I was wondering if huggingface provided any support for exporting the generate function from the transformers library to ONNX?
Mainly, I was trying to create an ONNX model using a GPT2 style transformer in order to speed up inference when generating replies to a conversation.
I see there’s some support for exporting a single call to GPT2, but not the entire for loop used in greedy decoding/beam search/nucleus sampling etc.
Thanks for the response @guillermogabrielli. I’ve already taken a cursory look at optimum, however all the export scenarios seem pretty targeted. I could not find a way to export an LM + generalized decoder.
I want to export both the model and the generation strategy. The model architecture is similar to GPT with slight modifications. And the generation strategy, including greedy and beam search, requires pytorch to trace if and for.
I very much doubt that transformers generate() will ever be jit scriptable.
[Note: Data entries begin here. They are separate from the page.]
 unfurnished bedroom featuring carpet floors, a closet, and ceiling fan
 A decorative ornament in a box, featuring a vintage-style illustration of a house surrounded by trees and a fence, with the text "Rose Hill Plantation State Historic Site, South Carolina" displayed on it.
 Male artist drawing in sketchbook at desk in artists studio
Therefore, the solution would probably be to rewrite generate() and greedy and beam search for them to be jit.scriptable. The other option is to use ONNX Runtime GreedySearch and BeamSearch ops, but those are usable only with CPUExecutionProvider and CUDAExecutionProvider (useless if you want to use TensorRT for example).
You could torch.jit.trace the model itself, and then torch.jit.script the generate method.
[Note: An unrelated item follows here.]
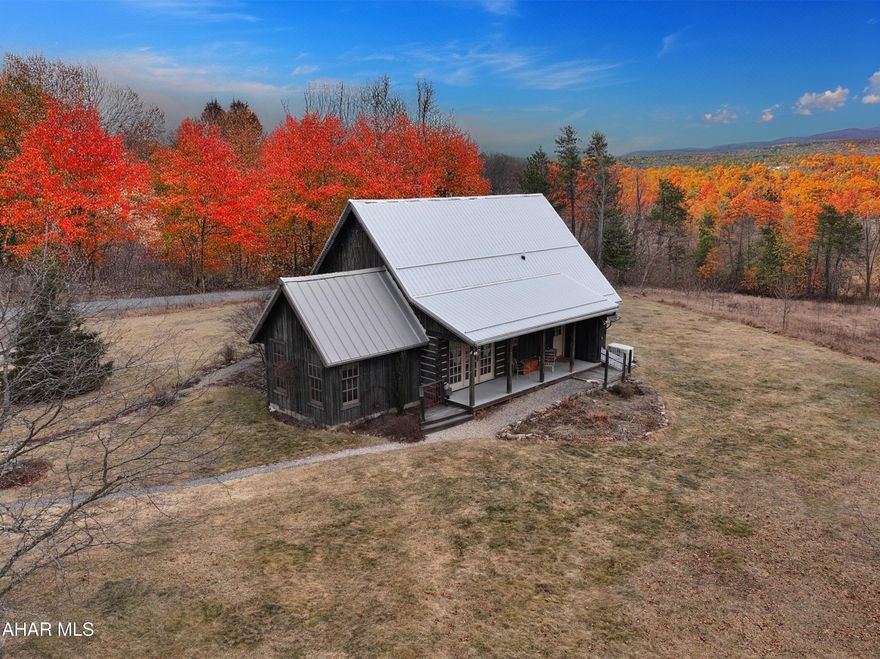 Looking for your own slice of paradise? This elegant home is simply put adorable. A homestead in the middle of the mountains. The craftsmanship of this home is unique and solid. As you pull into the driveway you will immediately be drawn to the quaintness and wholesomeness of this country home. With  several barns and outbuildings, this is the location that you will want to kick back, raise your own food and enjoy the fresh mountain air.  Within driving distance to the cities and major entertainment, yet in the middle of a mecca of outdoor entertainment..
If we use torch.jit.trace function to convert it to TorchScript. How can we trace two different forward passes? (One takes a real mem variable which is a List[Tensor], and the other takes a None)
For generation, I think you will not be able to obtain a meaningful ScriptModule using torch.jit.trace. This is because the number of generation steps and early stopping depend on which tokens are generated, the number of loops is dynamic. torch.jit.trace would just hardcode the number of loops from the sample example provided during tracing, but this is not useful for other samples.
If we use torch.jit.trace function to convert it to TorchScript. How can we trace two different forward passes?
Normally you should just provide the model with a different set of inputs that trigger the controlflows you would like to use.